──────── Supplied information ────────

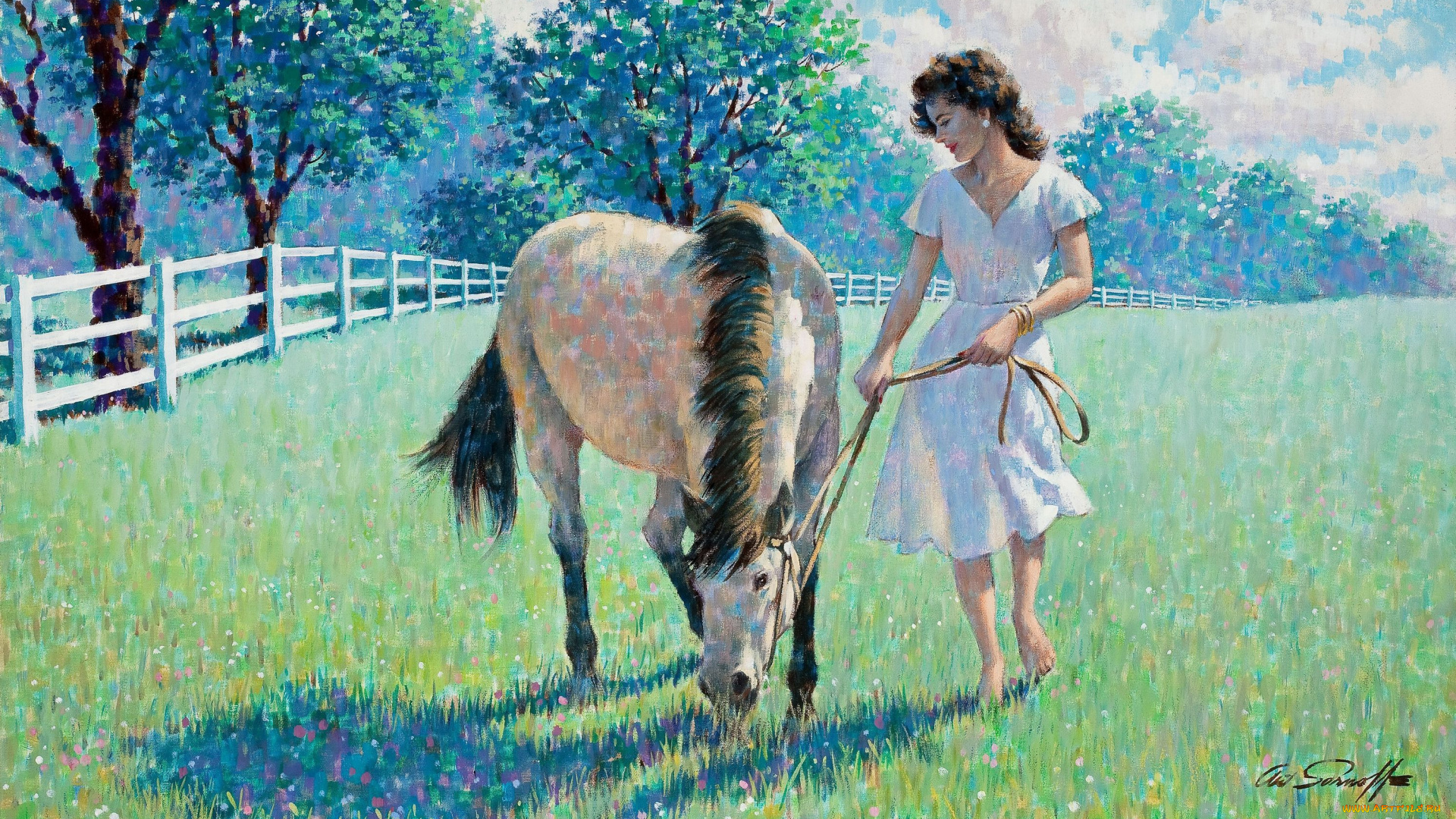 arthur, saron, sarnoff, рисованные, луг, девушка, лошадь
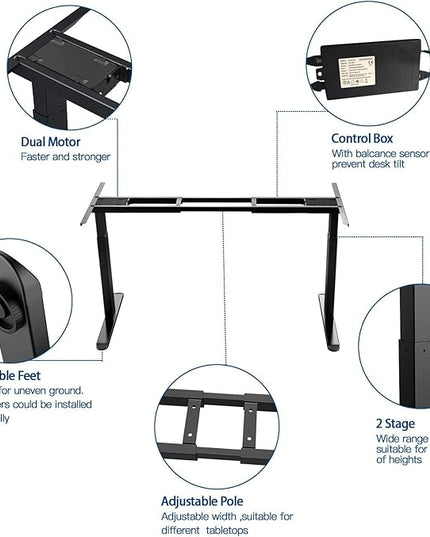 AIMEZO Heavy Duty Standing Desk Frame, Dual Motor Electric Height Adjustable Sit Stand Desk Frame with 4 Memory Preset Button, USB Charging Port for Home Office (2 Tier Legs, Black) - LeafyLoom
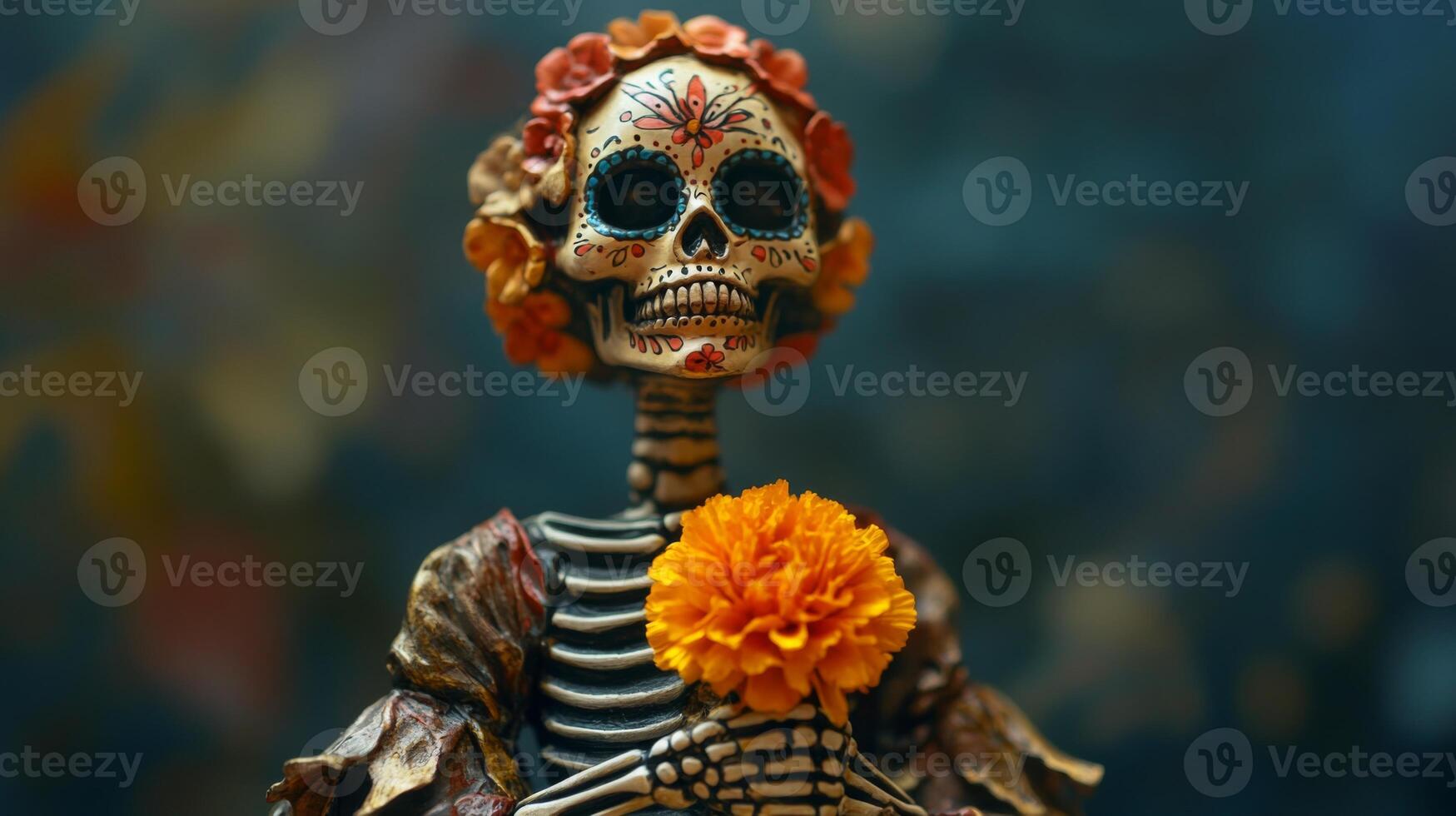 Sugar Skull Skeleton Holding a Yellow Marigold Flower photo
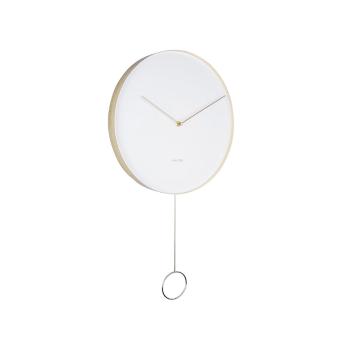 Biały wahadłowy zegar ścienny Karlsson Pendulum, ø 34 cm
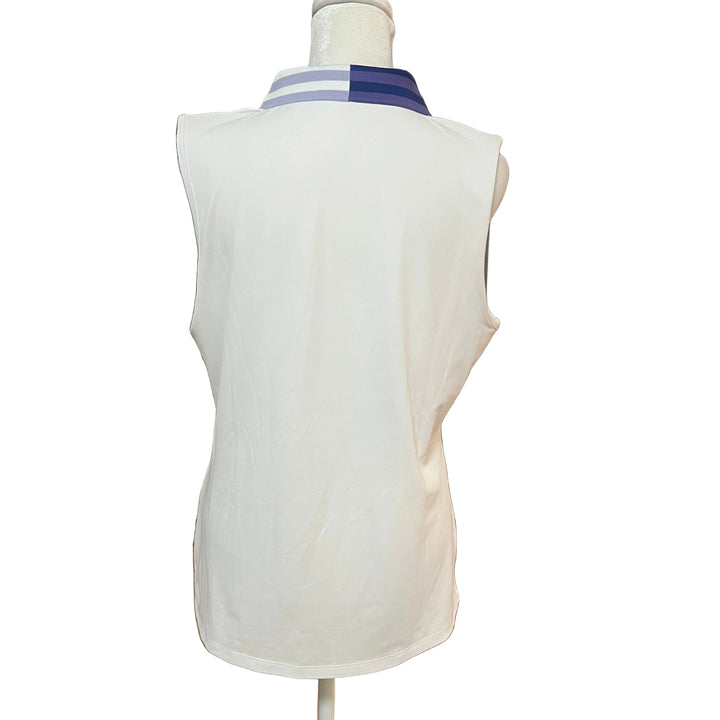 G/FORE Contrast Tech Pique Sleeveless Polo - Snow - Large - Skorzie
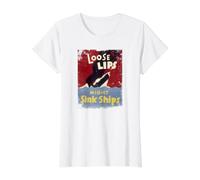 Loose Lips Might Sink Ships WWII Poster Value Graphic T-Shirt, Women, White, L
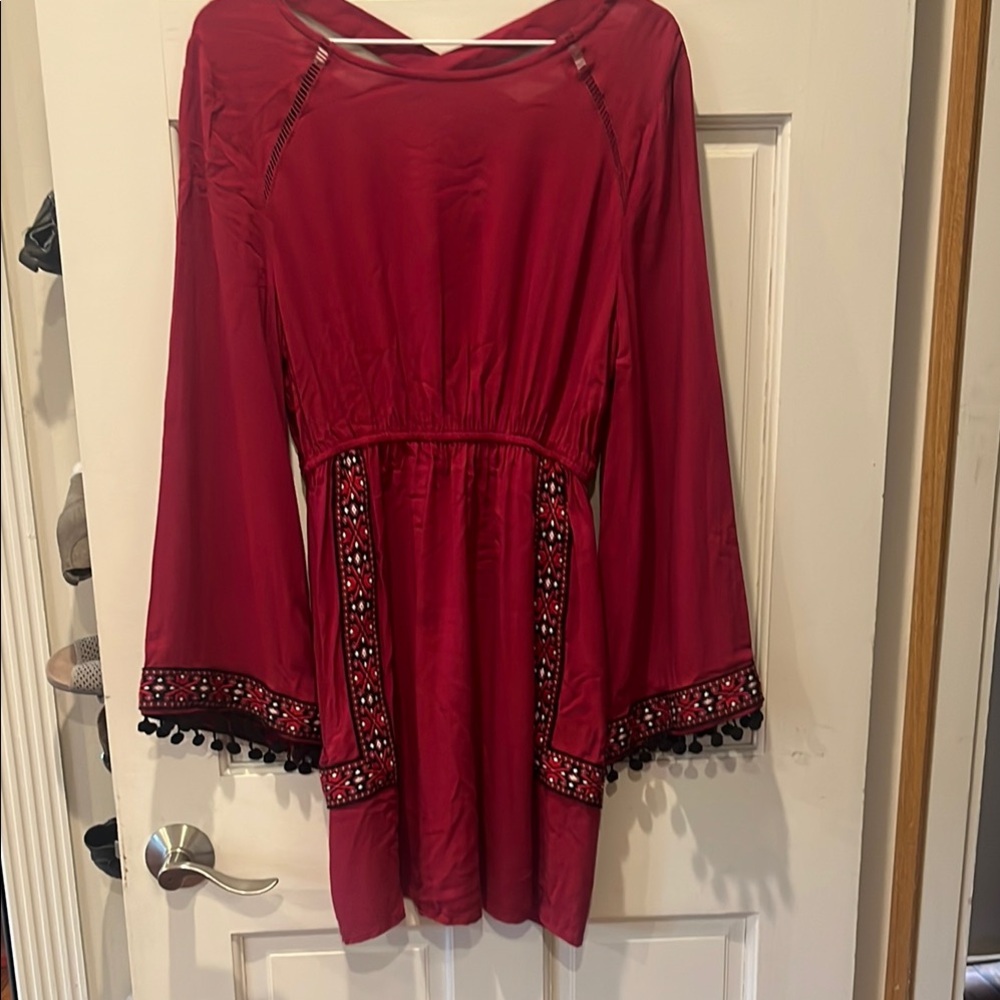 Earthbound - Red Bohemian Dress with Embroidered Details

────────

▶ **Exercise objective**
Reproduce exactly and only the lines from the one with "Sugar Skull Skeleton" through the last entry, both included, excluding every picture.

▶ **Task solution**
 Sugar Skull Skeleton Holding a Yellow Marigold Flower photo
 Biały wahadłowy zegar ścienny Karlsson Pendulum, ø 34 cm
 G/FORE Contrast Tech Pique Sleeveless Polo - Snow - Large - Skorzie
 Loose Lips Might Sink Ships WWII Poster Value Graphic T-Shirt, Women, White, L
 Earthbound - Red Bohemian Dress with Embroidered Details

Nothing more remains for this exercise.